El siguiente destino será Torre de Moncorvo, ya en Portugal, pasando por Bemposta el primer pueblo del país vecino tras pasar la frontera.  Otro pantano, un salto espectacular. Y luego el Duero recibe un hilo de agua del Tormes, que ahí llega consumido del pantano de Almendra

15. Arroz a la zamorana

 

Zamora parece pequeña, pero se extiende mucho. Su superficie, como sus méritos son mucho más de lo que parece. Es ejemplo de ciudad invisible, si se repara en ella, si se fija uno, si se tiene en cuenta, es como el cisne. Su historia, el papel que juega el Duero, la hacen merecedora de mucha más atención. Por eso es sorpresa para quien la visita. Tomamos un apartamento pensando que merecía la ciudad más de un día y estaríamos más cómodos. Así fue, cómodos, pero equivocados por la idea de creer en un sitio pequeño. Lo que está al otro lado de la agradable terraza es el campo. Y comprobamos que quedaba lejos del centro. Así que de ciudad pequeña nada. Se trata del barrio Cabañales, en la carretera a Salamanca. Es lo que tiene fiarte de las indicaciones y publicidades que informan a medias o que se fijan poco.



De modo que acercamos el Insignia a la calle Entrepuentes y así acortamos los paseos y las distancias. Las medidas son relativas, una caminata es saludable y apetecible, pero si vas visitando ahorrarte veinte minutos es una estrategia. La calle que digo esta justo entre el puente de hierro y el puente de Piedra. Y luego queda el puente de los poetas, más allá del segundo, para cruzar un Duero espléndido, tranquilo, poderoso. Acompaña un rumor de agua por las aceñas próximas. Las cantó Blas de Otero, “… el cielo luminosamente rojo. Compañeros. Escribo de memoria lo que tuve delante de mis ojos”. Luminoso el trasiego del agua, la propuesta peatonal transitando la orilla, bajando a la aceña visitable, su molino restaurado, los útiles y trabajos en el proceso de la molienda.

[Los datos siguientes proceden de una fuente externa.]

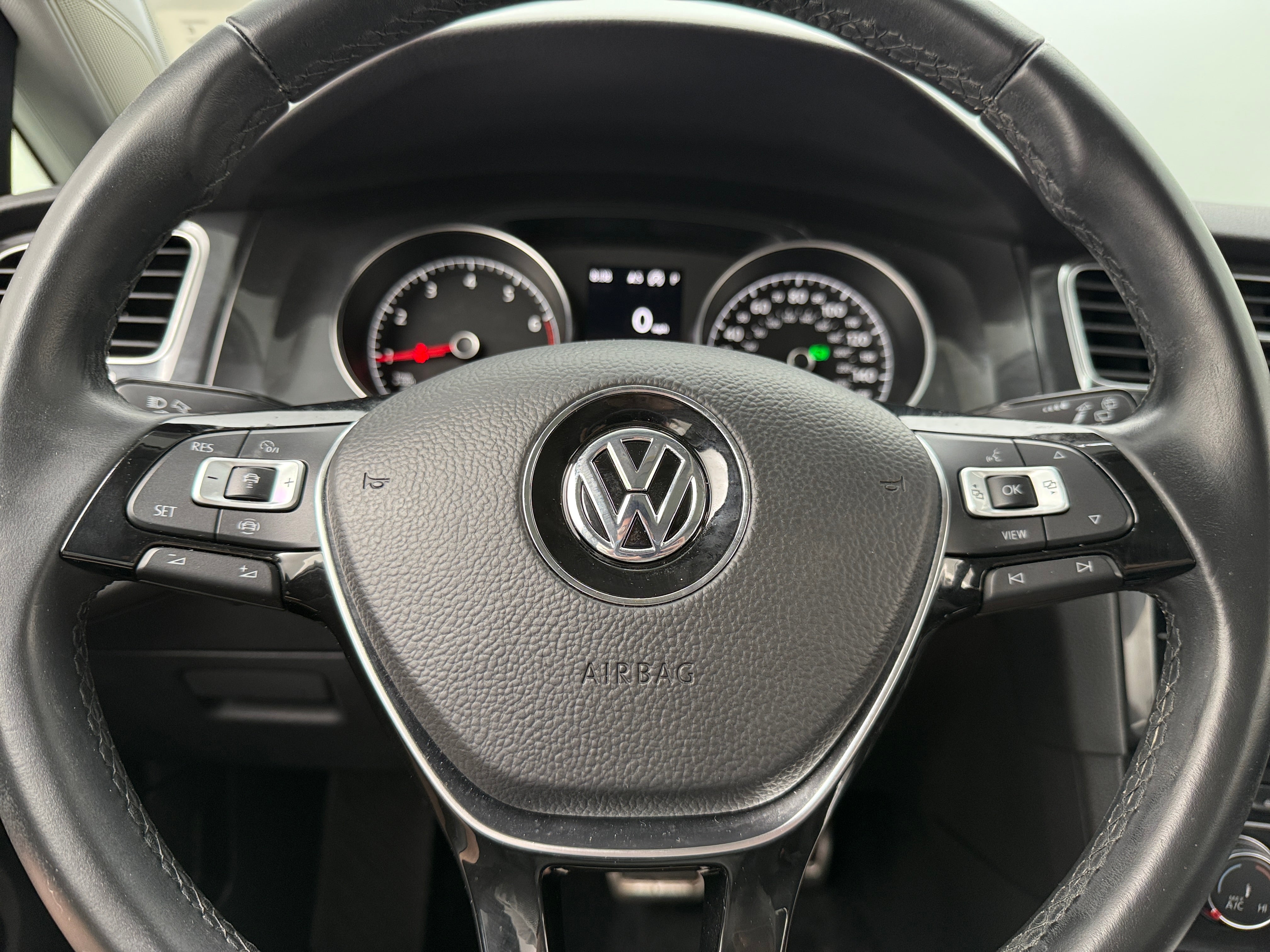 2019 Volkswagen Golf SE 4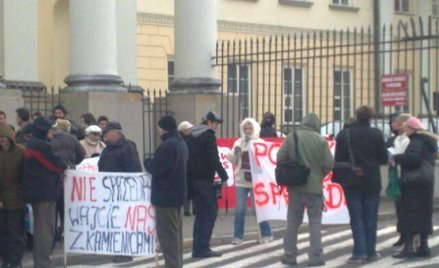 Lokatorzy protestują, miasto szuka rady
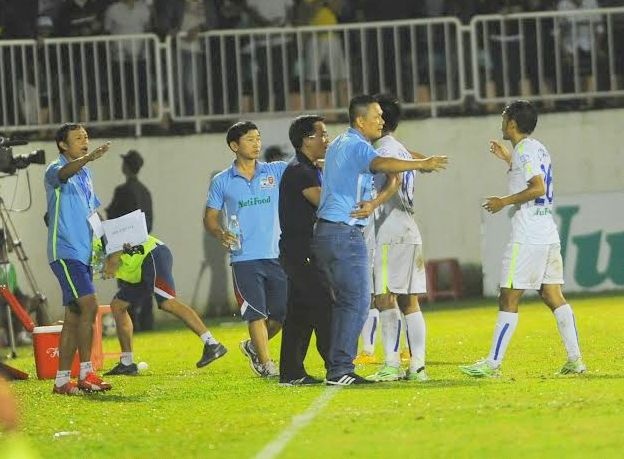 HLV Nguyễn Quốc Tuấn chia vui cùng các cầu thủ sau trận thắng SLNA. Ảnh: Gia Bảo.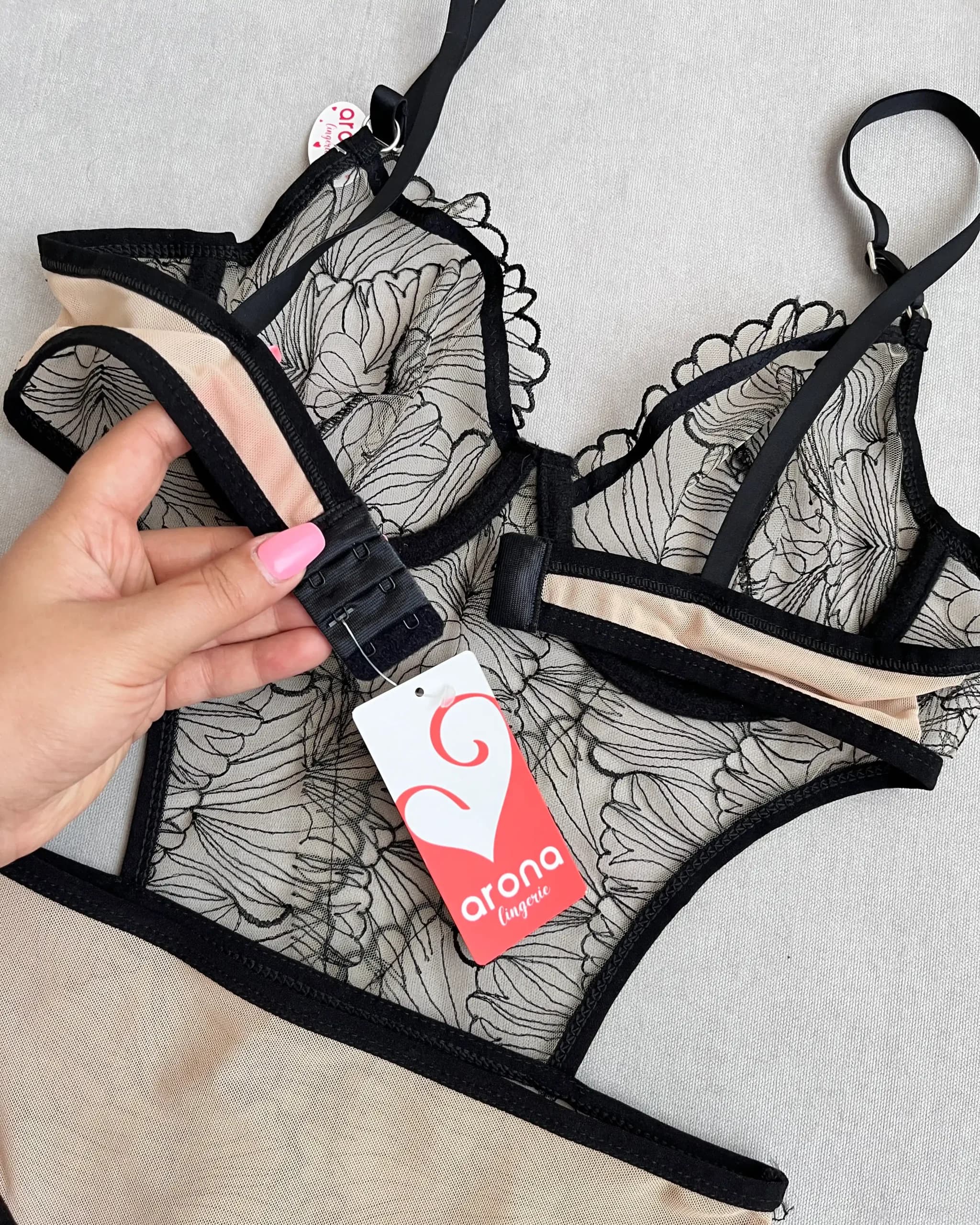 بادی arona طرح مشکی — تصویر ۴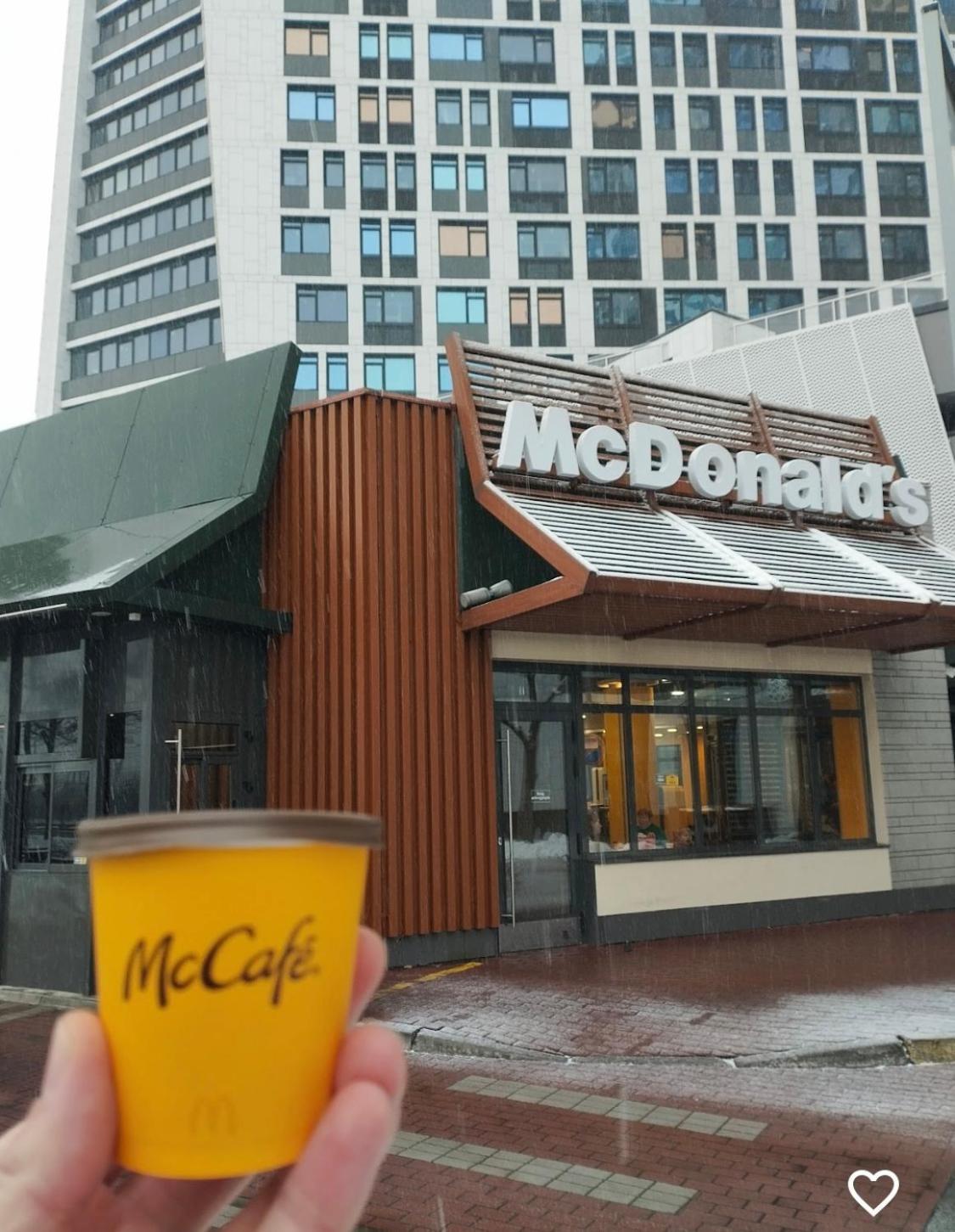 Apart Manhattan City Проспект Берестейський 11 Parking Kyiv Eksteriør billede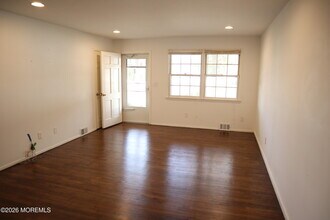 721 Burnt Tavern Rd in Point Pleasant, NJ - Building Photo - Building Photo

Muy atractiva la literatura de barrios bajos, el ambiente patibulario de los alrededores de los molinos y lavaderos y curtidos. Una vida secreta que se defendía junto al río. Está bien explicada en el artefacto que se conserva y se puede y debe visitar: los oficios alrededor del rio, no solo la molienda, también los curtidos, los lavaderos. Un micro mundo en el que se mezclaba la economía con la lucha por la vida alrededor del agua. La actividad industrial que daba vida a la ciudad. Las aceñas de Zamora tienen su azud, una represa que cruza el cauce del rio para dirigir la corriente y conseguir un cauce constante. La más conocida, es la de Olivares, tres molinos que ya estaba en pie en el medievo, la primera industria zamorana.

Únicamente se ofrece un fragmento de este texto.